When buying a home, you get to make a lot of decisions. One of the most important: You often have the option of selecting a fixed-rate home loan or one with an adjustable rate. ARMs are attractive to some home buyers today because the introductory rates — and monthly payments — often are lower than with fixed-rate loans. There are pros and cons to each type of loan, and only you can decide which one is right for you.
With a fixed-rate mortgage, your mortgage rate remains the same over the entire term of the loan. With an ARM, you get a fixed rate for 3, 5, 7 or 10 years — depending on the type of ARM you choose. After that time period, the mortgage becomes adjustable. ARM rates can go up or down each year after the introductory period based on a specific index value. Most ARM rates are based on the Cost of Funds Index (COFI), the one-year Treasury yield or the London Inter-bank Offered Rate (LIBOR).
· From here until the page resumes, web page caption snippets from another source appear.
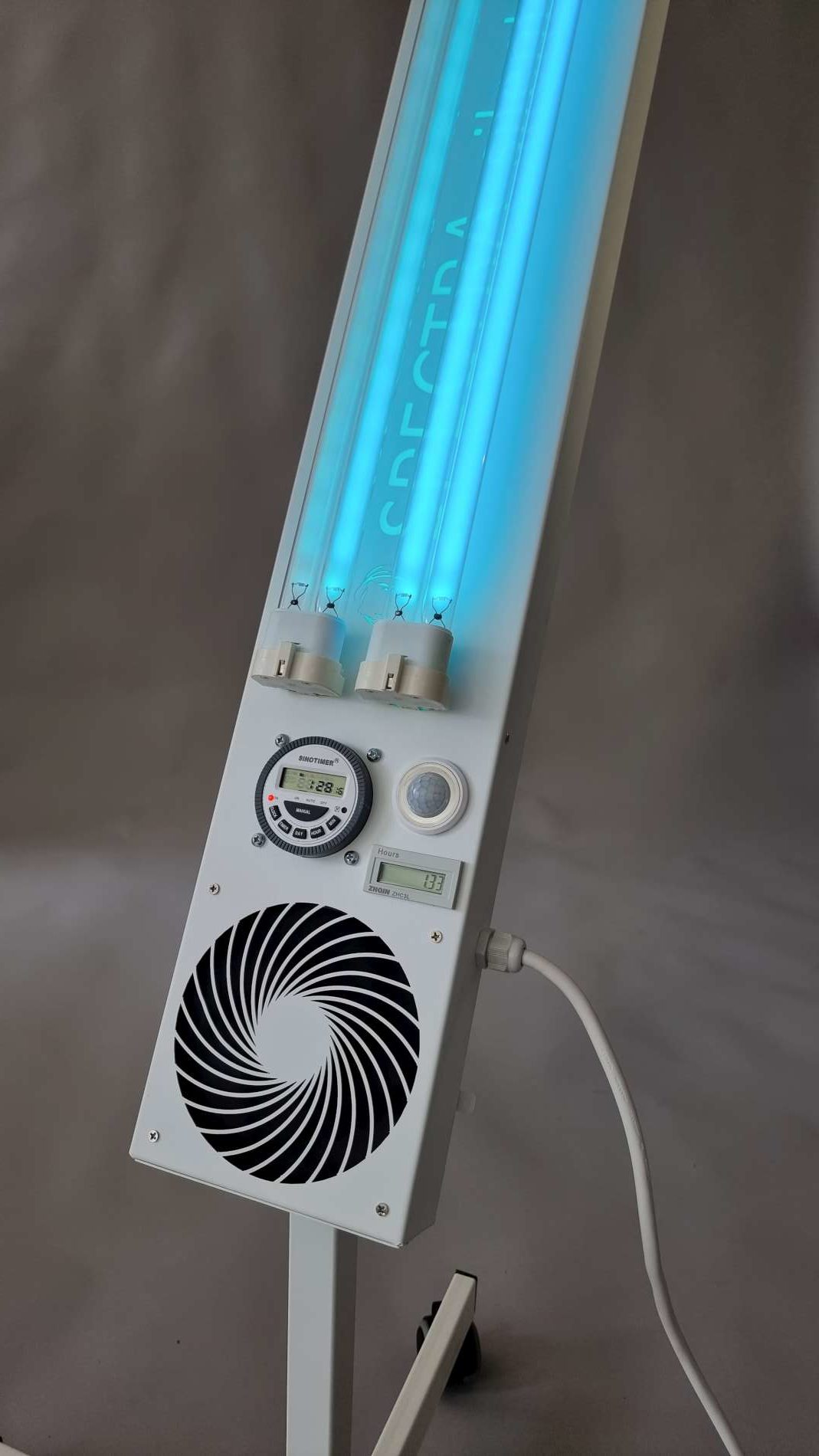 Germicídny žiarič Kombi Spectra Silent Pro Lite 72W+72W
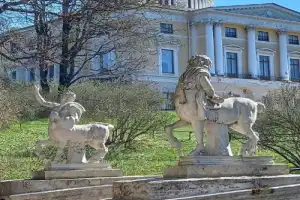 Из Петербурга в Павловск — царство красоты и гармонии - 10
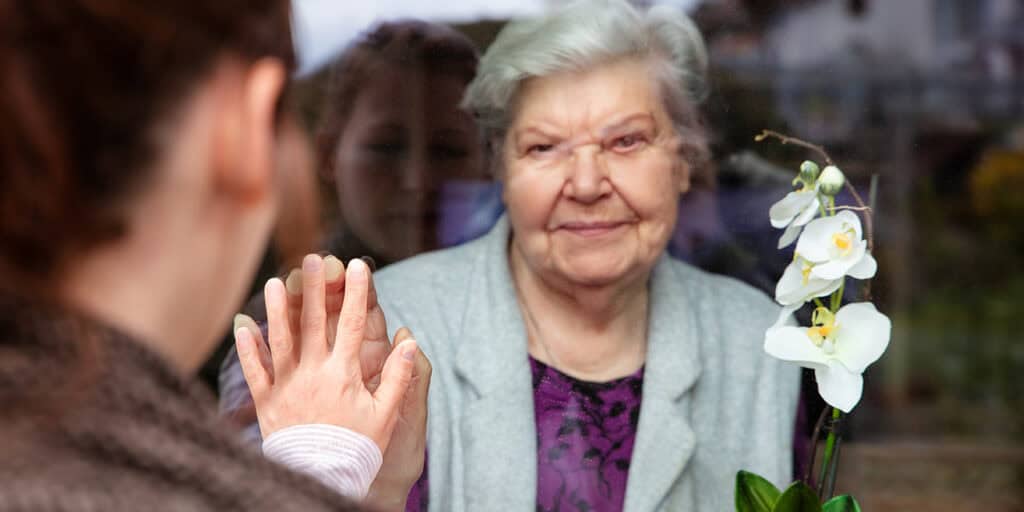 COVID isolation|COVID-19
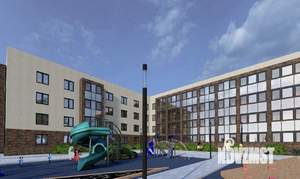 2-к квартира, вторичка, 65м2, 1/4 этаж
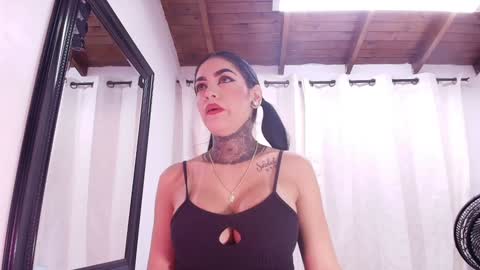 Snapshot of dannaberlin chatting on January 24, 2025, 7:18 pm Danna Berlin online show from January 24, 2025, 7:18 pm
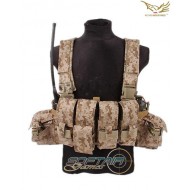 Lbt 1961a Chest Rig Aor1 Flyye Industries Airsoft - Softair Games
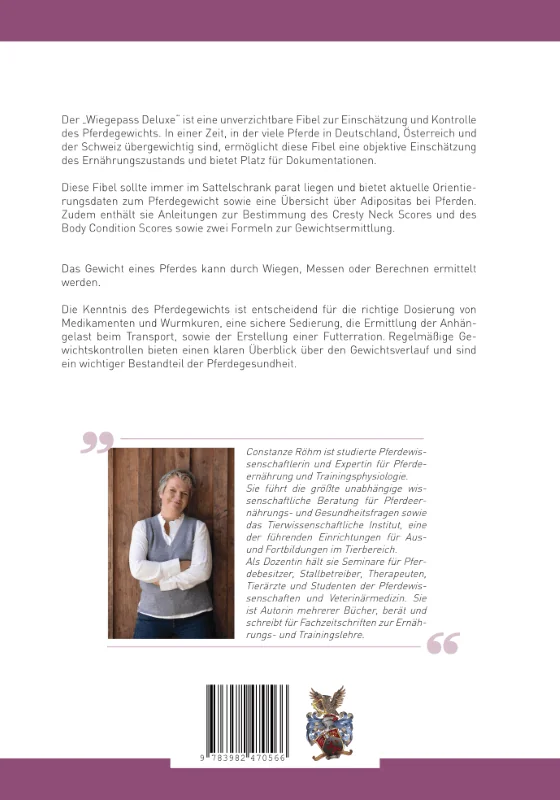 Wiegepass Deluxe – Bild 2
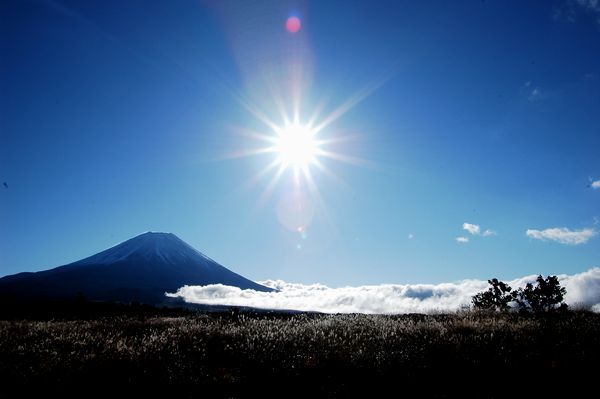 富士山画像記録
With an ARM, you could save money each month in the early years of the loan because the introductory rate on ARMs is lower than you would have been able to get with fixed-rate loans. But with an ARM, you run the risk of having your mortgage rate increase after the introductory period ends. Many people who take out adjustable-rate mortgages do so thinking that they will have sold their home before the rate begins to adjust.
Still, there’s a chance you may still own the home when the rate starts to adjust. According to the National Association of Realtors, the average homeowner remains in his or her home for 10 years. That’s why you want to know before taking out an adjustable-rate mortgage how soon your monthly payment will become variable and how frequently your mortgage rate and monthly payment could change. You’ll also want to know how high your mortgage rate and monthly payments can go with each adjustment and if there is a limit on how low your interest rate could go.
At Primary Residential Mortgage, we are strong believers in home buyer education. We’ll take the time to explain each step in the home loan process — and your financing choices — so that you can make the right decision for you and your family. Questions? Give us a call: (360) 903-7890.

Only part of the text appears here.